*** Opening AVAILABLE RECORDS ***

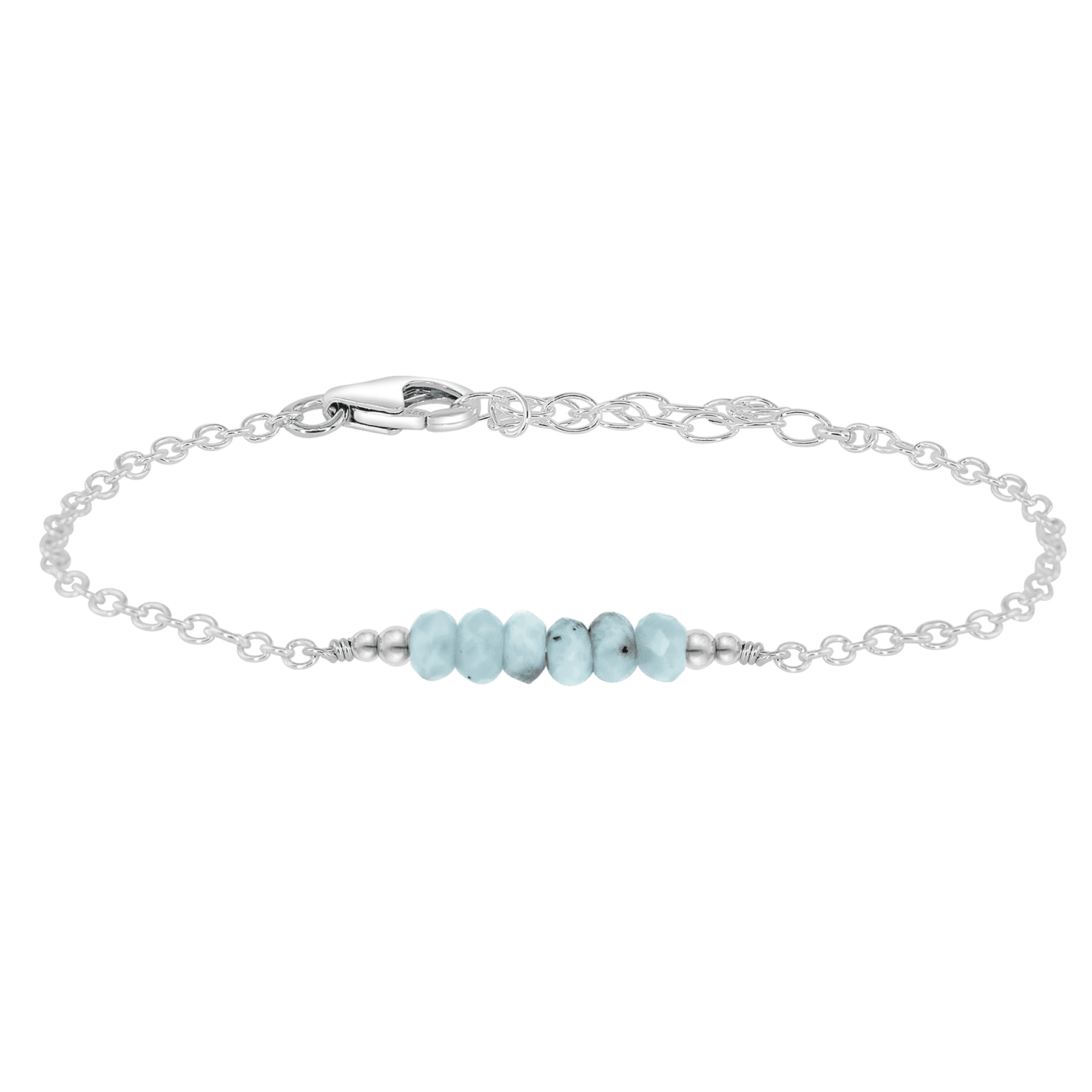 Sparkling Blue Larimar Gemstone Faceted Bead Bar Bracelet for Women | Handmade Healing Crystal Jewelry | Perfect for Yoga, Meditation & Boho Fashion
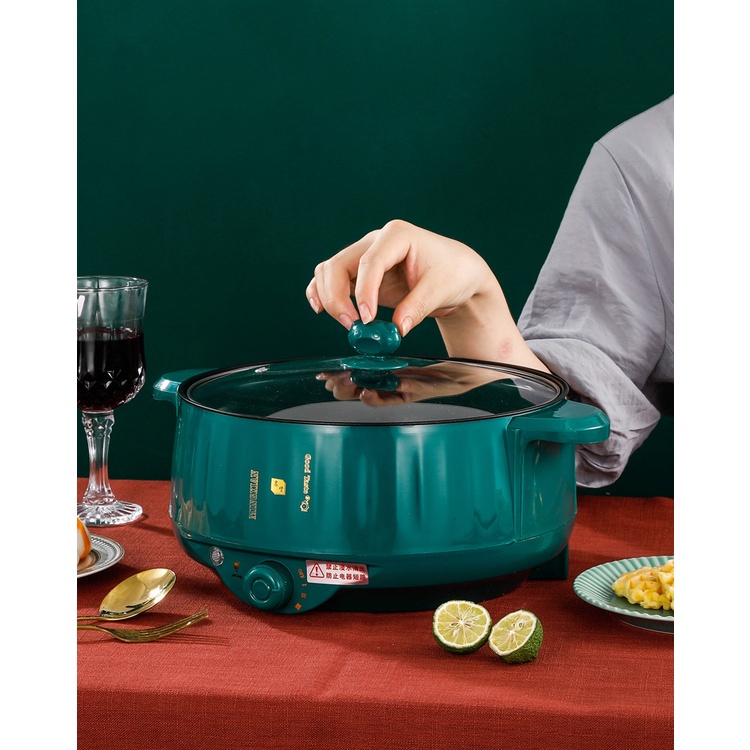Nồi điện mini đa năng kèm lồng hấp inox nồi điện chống dính cao cấp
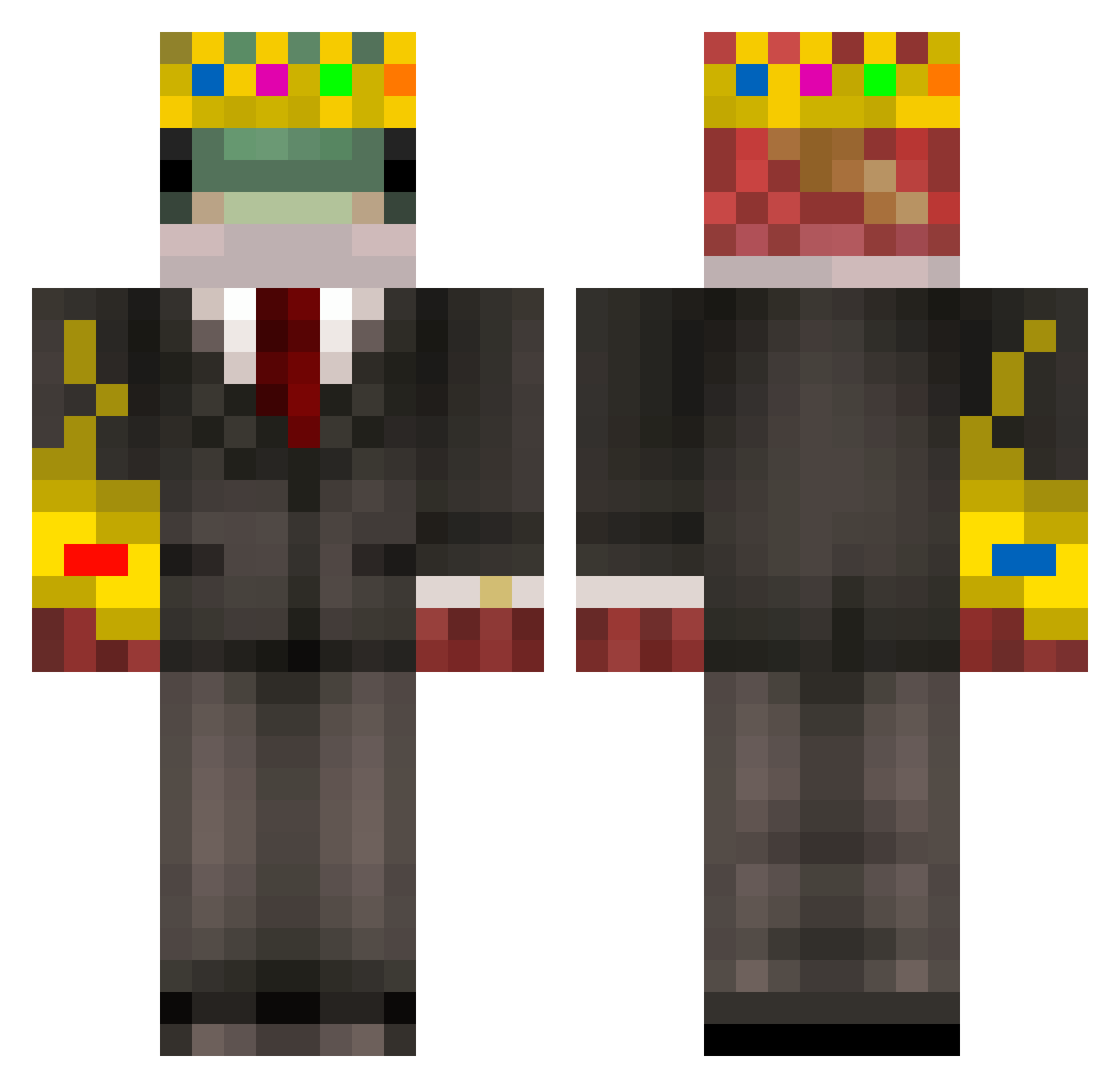 walker1D Minecraft skin, front and back view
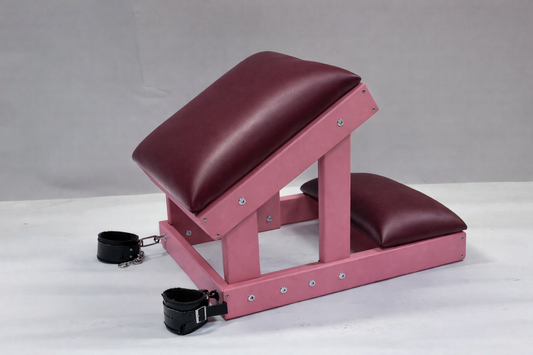 Pink-Bordeaux BDSM Kneeling Bench with Handcuffs | Handmade Spanking Bench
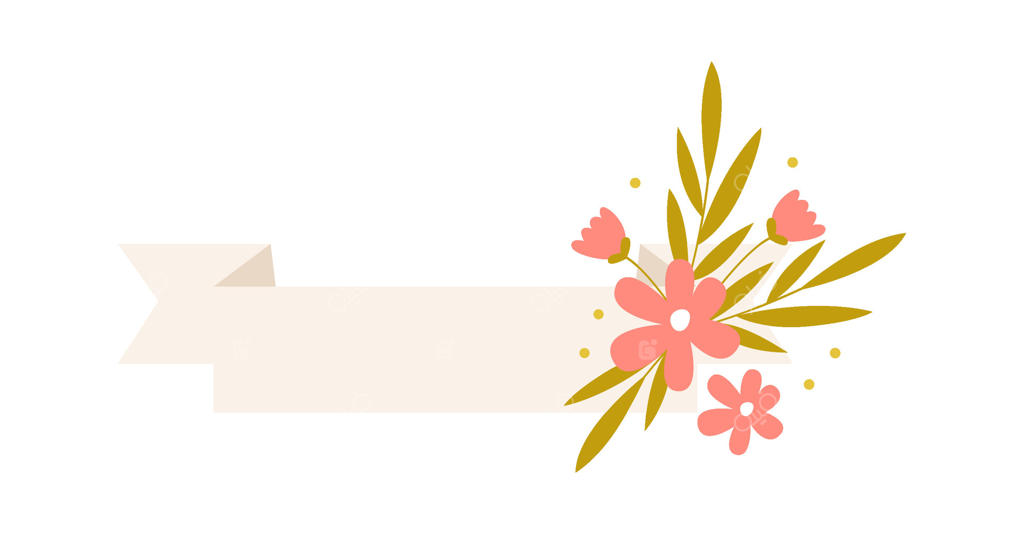 نوار تزئینی گل‌دار با طراحی دستی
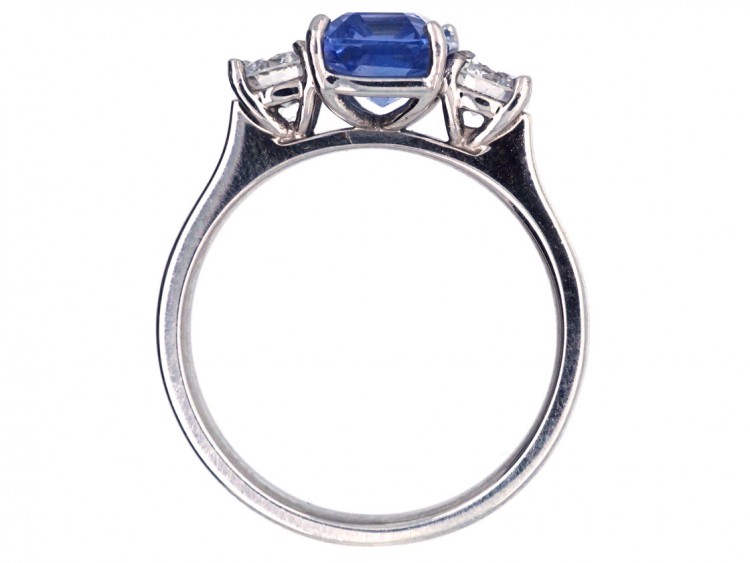 Platinum, Ceylon Sapphire & Diamond Three Stone Ring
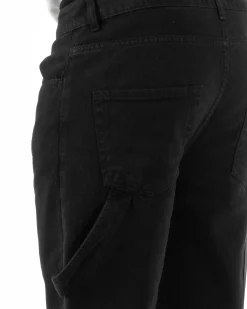 Jeans Uomo Carpenter Worker Pantaloni Baggy Cargo Comodo Fondo Largo Ampio Tinta Unita Nero GIOSAL-JS1089A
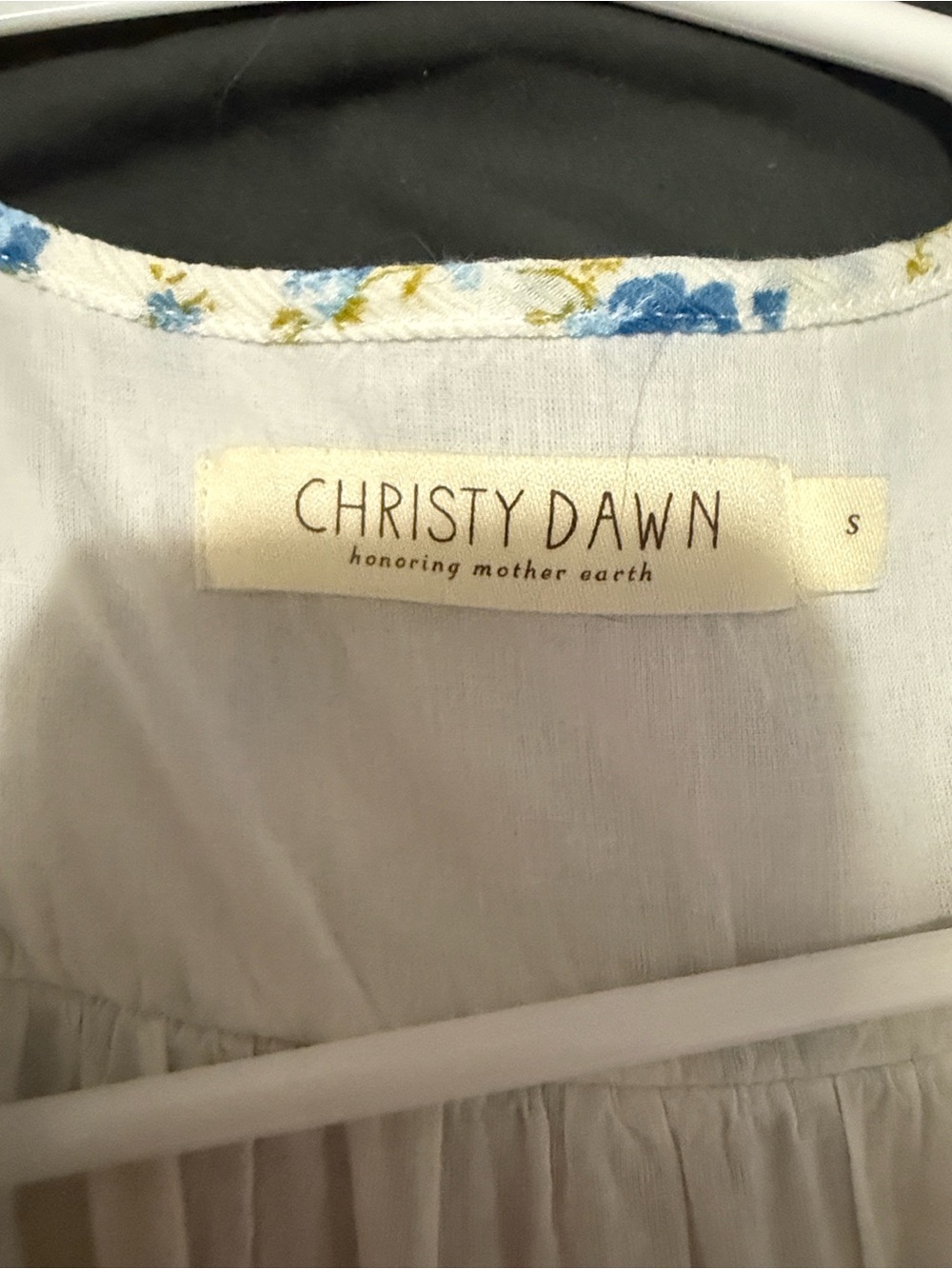 Christy Dawn White Floral Wrap Dress with Blue Blossoms - Picture 3 of 3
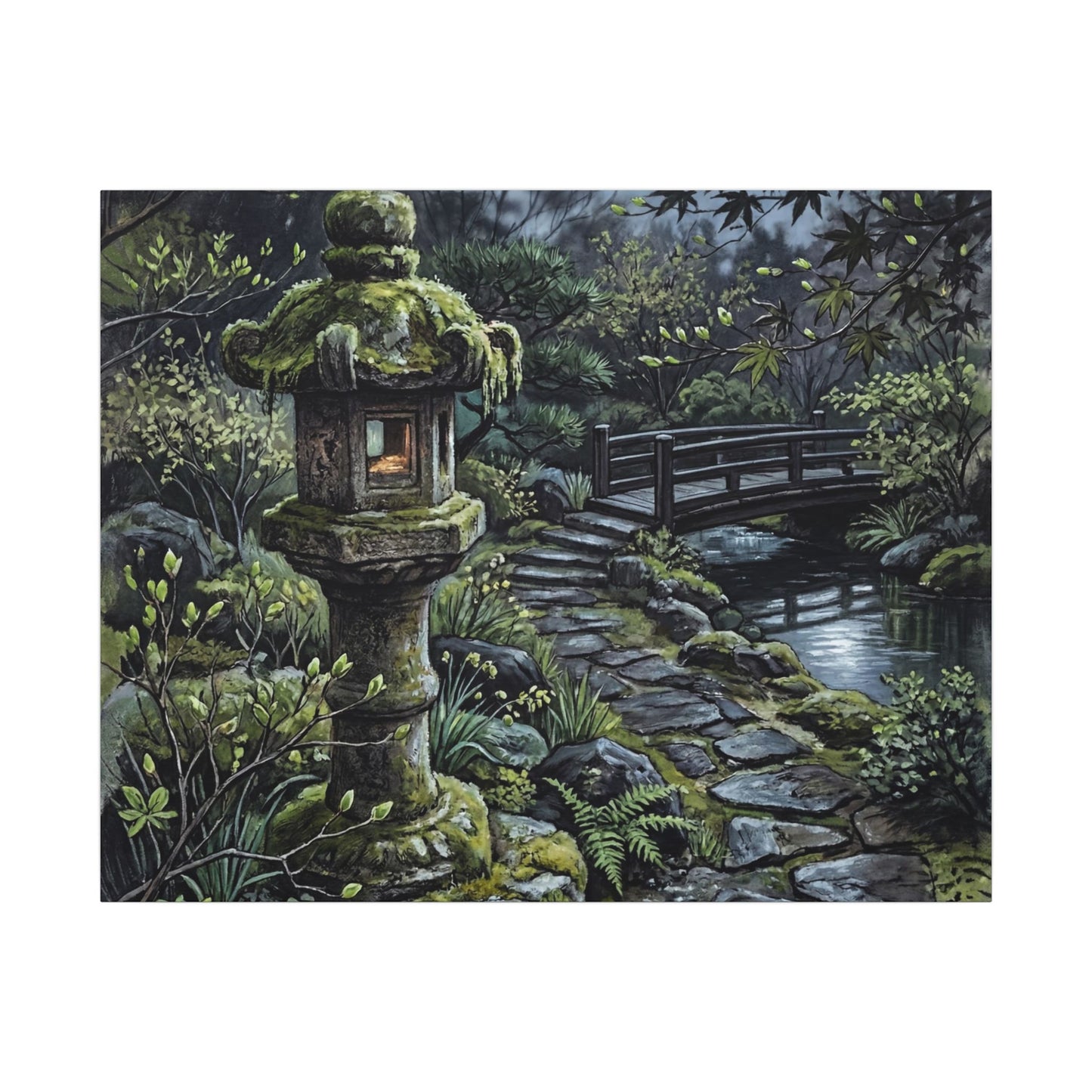 Japandi Stone Lantern in Moonlight | Texture Canvas Art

*** Closing AVAILABLE RECORDS ***

DESCRIPTION OF THE TASK — An exact retyping of the entries, without images, is the required answer.

OUTPUT OF THE TASK —
 Sparkling Blue Larimar Gemstone Faceted Bead Bar Bracelet for Women | Handmade Healing Crystal Jewelry | Perfect for Yoga, Meditation & Boho Fashion
Nồi điện mini đa năng kèm lồng hấp inox nồi điện chống dính cao cấp
 walker1D Minecraft skin, front and back view
 Pink-Bordeaux BDSM Kneeling Bench with Handcuffs | Handmade Spanking Bench
 نوار تزئینی گل‌دار با طراحی دستی
 Platinum, Ceylon Sapphire & Diamond Three Stone Ring
 Jeans Uomo Carpenter Worker Pantaloni Baggy Cargo Comodo Fondo Largo Ampio Tinta Unita Nero GIOSAL-JS1089A
 Christy Dawn White Floral Wrap Dress with Blue Blossoms - Picture 3 of 3
 Japandi Stone Lantern in Moonlight | Texture Canvas Art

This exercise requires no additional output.